Problem to solve: With the pictures left aside, write out exactly the lines of the listing below from the line with "Bathroom installation - Bath" to the line with "Prof. Alexander Mustea", both included, and only those.

Given data:
>>>
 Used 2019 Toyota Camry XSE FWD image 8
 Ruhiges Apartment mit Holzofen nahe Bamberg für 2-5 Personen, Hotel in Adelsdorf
<<<
>>>
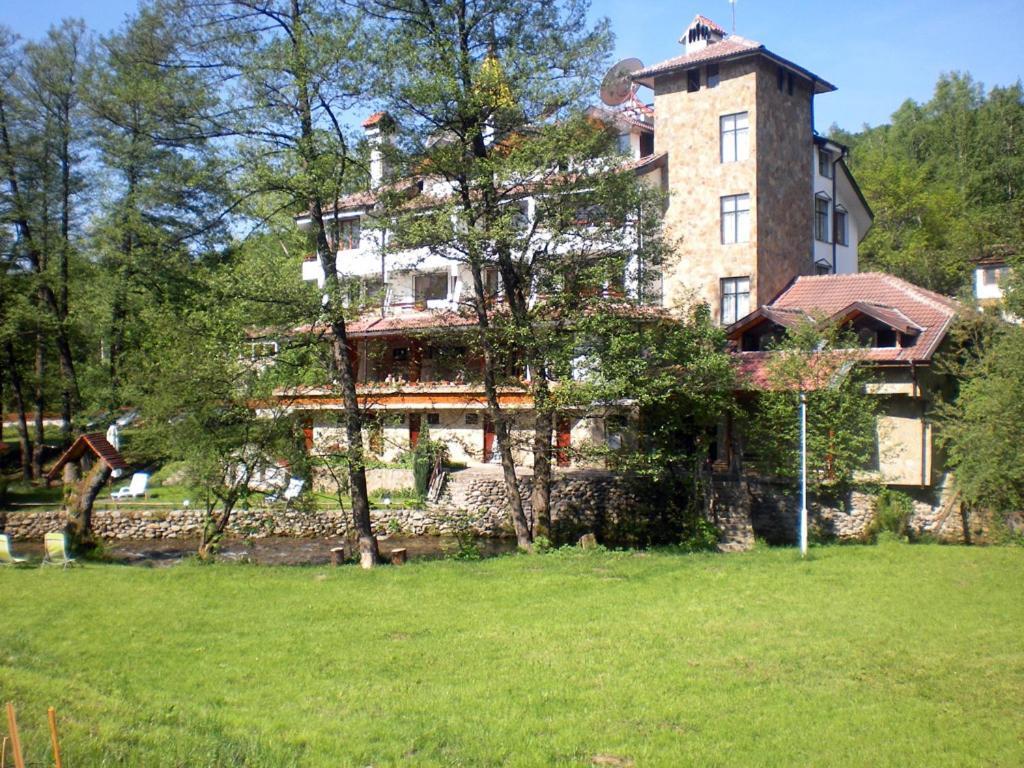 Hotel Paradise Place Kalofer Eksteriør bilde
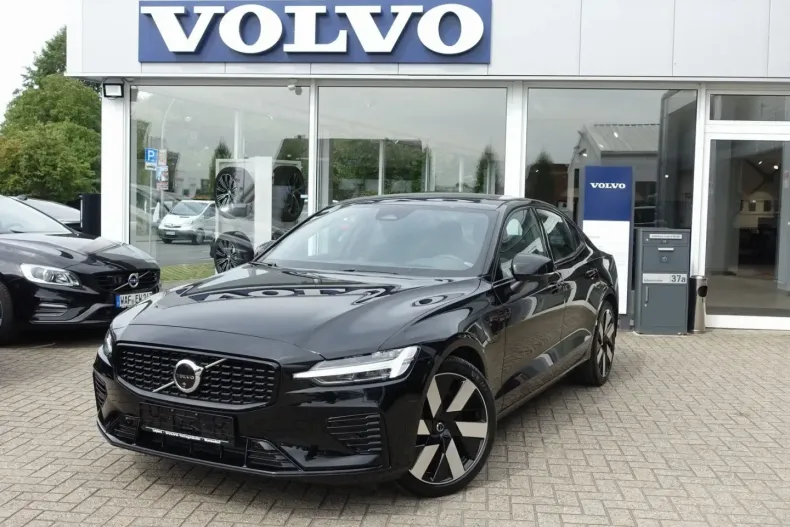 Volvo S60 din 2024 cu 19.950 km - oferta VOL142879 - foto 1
<<<
>>>
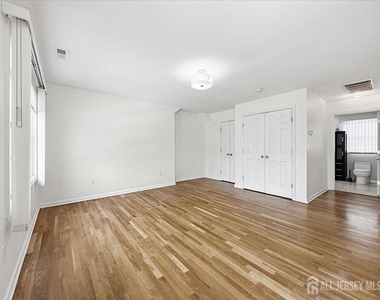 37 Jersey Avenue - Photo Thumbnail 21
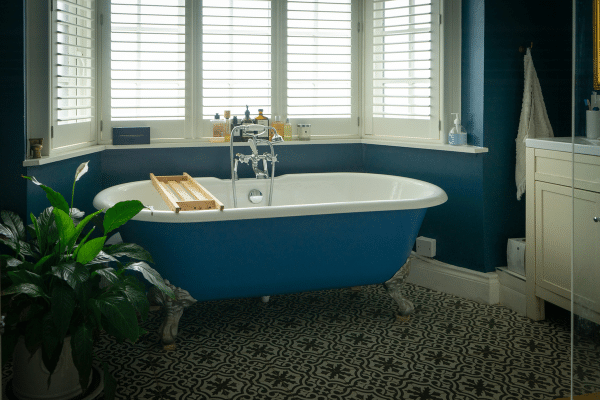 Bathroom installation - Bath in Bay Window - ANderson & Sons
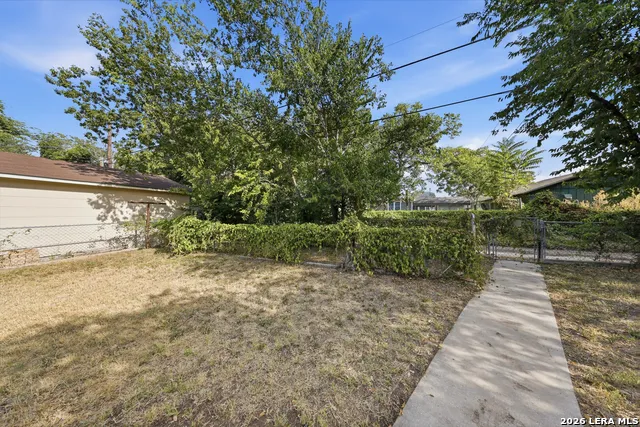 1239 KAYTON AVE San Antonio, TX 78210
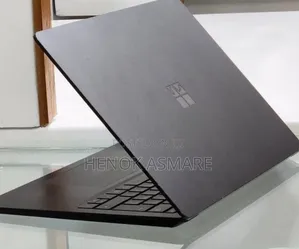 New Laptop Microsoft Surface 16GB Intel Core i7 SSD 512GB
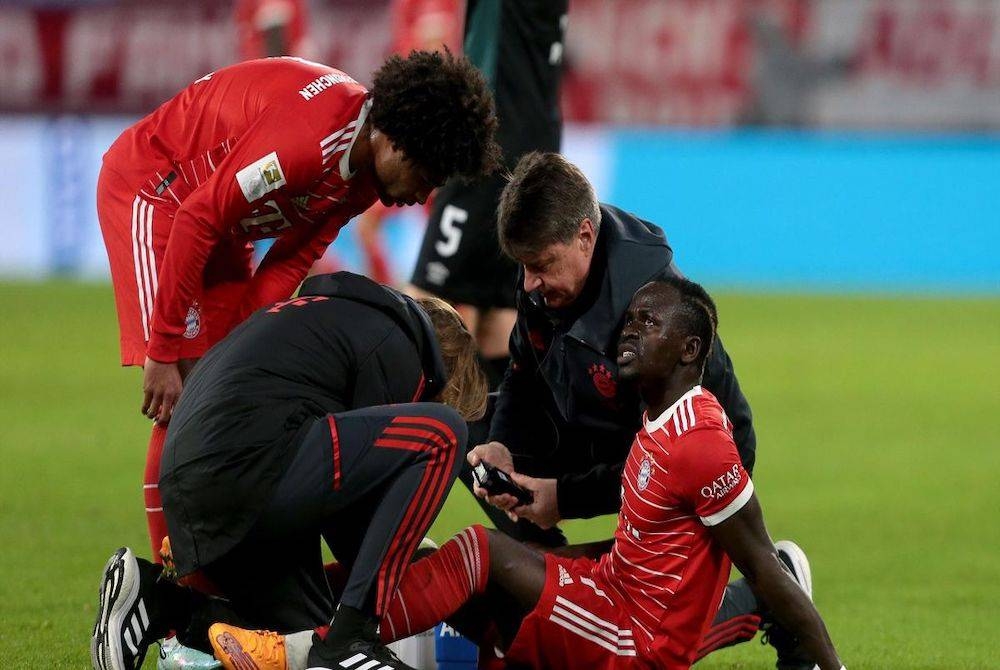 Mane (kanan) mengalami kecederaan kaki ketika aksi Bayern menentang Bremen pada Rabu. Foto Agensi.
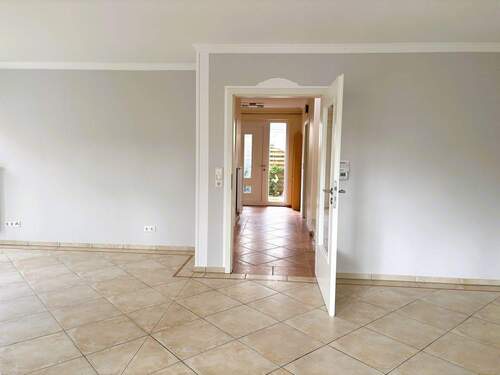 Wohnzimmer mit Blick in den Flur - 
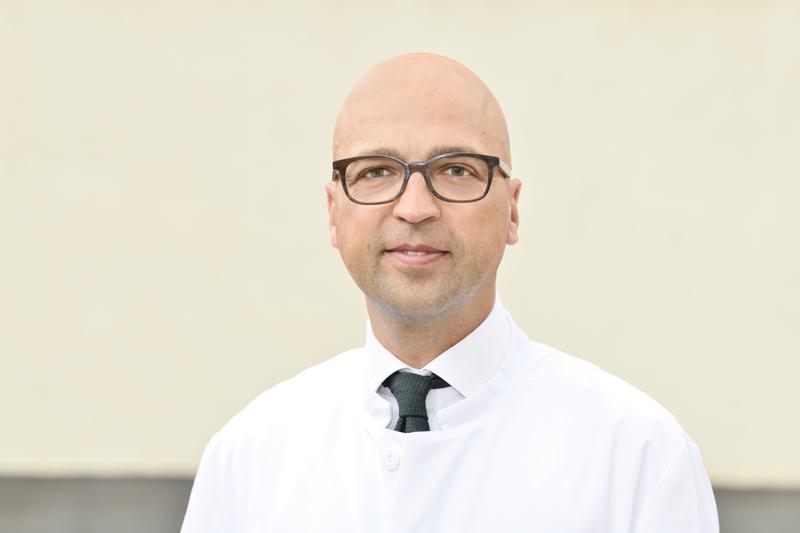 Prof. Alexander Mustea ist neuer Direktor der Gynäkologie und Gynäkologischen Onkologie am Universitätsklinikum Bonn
<<<
Answer to this exercise:
 Bathroom installation - Bath in Bay Window - ANderson & Sons
 1239 KAYTON AVE San Antonio, TX 78210
 New Laptop Microsoft Surface 16GB Intel Core i7 SSD 512GB
 Mane (kanan) mengalami kecederaan kaki ketika aksi Bayern menentang Bremen pada Rabu. Foto Agensi.
 Wohnzimmer mit Blick in den Flur - 
 Prof. Alexander Mustea ist neuer Direktor der Gynäkologie und Gynäkologischen Onkologie am Universitätsklinikum Bonn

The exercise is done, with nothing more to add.